Print out every entry that follows, exactly as written.

[ENTRIES PROVIDED — start]

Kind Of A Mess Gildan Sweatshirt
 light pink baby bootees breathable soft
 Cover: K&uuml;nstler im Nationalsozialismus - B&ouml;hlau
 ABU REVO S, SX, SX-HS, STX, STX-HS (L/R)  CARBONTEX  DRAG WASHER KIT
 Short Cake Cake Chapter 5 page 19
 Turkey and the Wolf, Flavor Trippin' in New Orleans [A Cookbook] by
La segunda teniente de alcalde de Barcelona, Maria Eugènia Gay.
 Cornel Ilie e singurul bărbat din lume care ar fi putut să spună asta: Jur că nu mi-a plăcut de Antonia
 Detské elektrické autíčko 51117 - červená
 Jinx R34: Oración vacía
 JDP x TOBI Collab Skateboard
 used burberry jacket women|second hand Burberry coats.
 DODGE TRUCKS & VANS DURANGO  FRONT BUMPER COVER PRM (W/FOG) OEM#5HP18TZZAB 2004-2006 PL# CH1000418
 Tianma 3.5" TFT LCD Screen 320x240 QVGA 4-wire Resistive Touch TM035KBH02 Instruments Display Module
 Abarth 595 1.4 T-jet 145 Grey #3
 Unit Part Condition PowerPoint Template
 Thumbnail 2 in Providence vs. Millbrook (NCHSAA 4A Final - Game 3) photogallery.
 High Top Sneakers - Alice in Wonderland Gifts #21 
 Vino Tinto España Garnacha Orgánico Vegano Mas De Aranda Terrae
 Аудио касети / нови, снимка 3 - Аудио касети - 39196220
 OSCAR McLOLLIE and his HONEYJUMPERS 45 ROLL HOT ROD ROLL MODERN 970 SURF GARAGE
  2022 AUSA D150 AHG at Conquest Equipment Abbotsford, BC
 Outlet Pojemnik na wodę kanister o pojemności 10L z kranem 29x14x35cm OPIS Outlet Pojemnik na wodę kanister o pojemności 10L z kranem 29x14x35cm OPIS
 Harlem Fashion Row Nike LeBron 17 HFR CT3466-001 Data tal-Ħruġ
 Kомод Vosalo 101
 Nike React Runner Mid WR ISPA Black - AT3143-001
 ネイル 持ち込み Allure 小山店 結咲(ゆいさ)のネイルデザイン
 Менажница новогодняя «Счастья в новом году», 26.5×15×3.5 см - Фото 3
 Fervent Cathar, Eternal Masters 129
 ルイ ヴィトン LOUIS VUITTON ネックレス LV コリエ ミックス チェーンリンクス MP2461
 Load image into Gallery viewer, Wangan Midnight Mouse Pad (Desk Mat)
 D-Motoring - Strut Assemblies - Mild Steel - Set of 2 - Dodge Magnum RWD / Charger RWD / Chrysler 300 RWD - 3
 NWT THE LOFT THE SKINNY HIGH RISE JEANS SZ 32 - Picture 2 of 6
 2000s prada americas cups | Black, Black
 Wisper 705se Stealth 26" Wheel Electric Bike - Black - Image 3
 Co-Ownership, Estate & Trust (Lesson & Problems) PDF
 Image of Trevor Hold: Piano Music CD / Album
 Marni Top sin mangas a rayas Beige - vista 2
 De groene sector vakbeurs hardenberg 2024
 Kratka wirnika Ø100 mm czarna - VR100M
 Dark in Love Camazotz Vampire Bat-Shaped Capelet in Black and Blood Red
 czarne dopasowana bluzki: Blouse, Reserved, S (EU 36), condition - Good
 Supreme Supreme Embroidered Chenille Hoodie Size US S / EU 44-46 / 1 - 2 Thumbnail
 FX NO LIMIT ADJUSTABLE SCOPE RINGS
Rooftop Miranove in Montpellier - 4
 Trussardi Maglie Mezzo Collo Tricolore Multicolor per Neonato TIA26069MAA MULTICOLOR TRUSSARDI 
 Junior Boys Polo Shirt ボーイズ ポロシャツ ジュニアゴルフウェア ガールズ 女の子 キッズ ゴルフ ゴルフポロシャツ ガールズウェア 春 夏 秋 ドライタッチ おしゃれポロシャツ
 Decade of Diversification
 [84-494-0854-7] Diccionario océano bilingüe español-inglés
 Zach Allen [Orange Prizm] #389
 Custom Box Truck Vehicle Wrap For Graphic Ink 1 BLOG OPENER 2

[ENTRIES PROVIDED — finish]

* _REPLY TO THE EXERCISE_
Kind Of A Mess Gildan Sweatshirt
 light pink baby bootees breathable soft
 Cover: K&uuml;nstler im Nationalsozialismus - B&ouml;hlau
 ABU REVO S, SX, SX-HS, STX, STX-HS (L/R)  CARBONTEX  DRAG WASHER KIT
 Short Cake Cake Chapter 5 page 19
 Turkey and the Wolf, Flavor Trippin' in New Orleans [A Cookbook] by
La segunda teniente de alcalde de Barcelona, Maria Eugènia Gay.
 Cornel Ilie e singurul bărbat din lume care ar fi putut să spună asta: Jur că nu mi-a plăcut de Antonia
 Detské elektrické autíčko 51117 - červená
 Jinx R34: Oración vacía
 JDP x TOBI Collab Skateboard
 used burberry jacket women|second hand Burberry coats.
 DODGE TRUCKS & VANS DURANGO  FRONT BUMPER COVER PRM (W/FOG) OEM#5HP18TZZAB 2004-2006 PL# CH1000418
 Tianma 3.5" TFT LCD Screen 320x240 QVGA 4-wire Resistive Touch TM035KBH02 Instruments Display Module
 Abarth 595 1.4 T-jet 145 Grey #3
 Unit Part Condition PowerPoint Template
 Thumbnail 2 in Providence vs. Millbrook (NCHSAA 4A Final - Game 3) photogallery.
 High Top Sneakers - Alice in Wonderland Gifts #21 
 Vino Tinto España Garnacha Orgánico Vegano Mas De Aranda Terrae
 Аудио касети / нови, снимка 3 - Аудио касети - 39196220
 OSCAR McLOLLIE and his HONEYJUMPERS 45 ROLL HOT ROD ROLL MODERN 970 SURF GARAGE
  2022 AUSA D150 AHG at Conquest Equipment Abbotsford, BC
 Outlet Pojemnik na wodę kanister o pojemności 10L z kranem 29x14x35cm OPIS Outlet Pojemnik na wodę kanister o pojemności 10L z kranem 29x14x35cm OPIS
 Harlem Fashion Row Nike LeBron 17 HFR CT3466-001 Data tal-Ħruġ
 Kомод Vosalo 101
 Nike React Runner Mid WR ISPA Black - AT3143-001
 ネイル 持ち込み Allure 小山店 結咲(ゆいさ)のネイルデザイン
 Менажница новогодняя «Счастья в новом году», 26.5×15×3.5 см - Фото 3
 Fervent Cathar, Eternal Masters 129
 ルイ ヴィトン LOUIS VUITTON ネックレス LV コリエ ミックス チェーンリンクス MP2461
 Load image into Gallery viewer, Wangan Midnight Mouse Pad (Desk Mat)
 D-Motoring - Strut Assemblies - Mild Steel - Set of 2 - Dodge Magnum RWD / Charger RWD / Chrysler 300 RWD - 3
 NWT THE LOFT THE SKINNY HIGH RISE JEANS SZ 32 - Picture 2 of 6
 2000s prada americas cups | Black, Black
 Wisper 705se Stealth 26" Wheel Electric Bike - Black - Image 3
 Co-Ownership, Estate & Trust (Lesson & Problems) PDF
 Image of Trevor Hold: Piano Music CD / Album
 Marni Top sin mangas a rayas Beige - vista 2
 De groene sector vakbeurs hardenberg 2024
 Kratka wirnika Ø100 mm czarna - VR100M
 Dark in Love Camazotz Vampire Bat-Shaped Capelet in Black and Blood Red
 czarne dopasowana bluzki: Blouse, Reserved, S (EU 36), condition - Good
 Supreme Supreme Embroidered Chenille Hoodie Size US S / EU 44-46 / 1 - 2 Thumbnail
 FX NO LIMIT ADJUSTABLE SCOPE RINGS
Rooftop Miranove in Montpellier - 4
 Trussardi Maglie Mezzo Collo Tricolore Multicolor per Neonato TIA26069MAA MULTICOLOR TRUSSARDI 
 Junior Boys Polo Shirt ボーイズ ポロシャツ ジュニアゴルフウェア ガールズ 女の子 キッズ ゴルフ ゴルフポロシャツ ガールズウェア 春 夏 秋 ドライタッチ おしゃれポロシャツ
 Decade of Diversification
 [84-494-0854-7] Diccionario océano bilingüe español-inglés
 Zach Allen [Orange Prizm] #389
 Custom Box Truck Vehicle Wrap For Graphic Ink 1 BLOG OPENER 2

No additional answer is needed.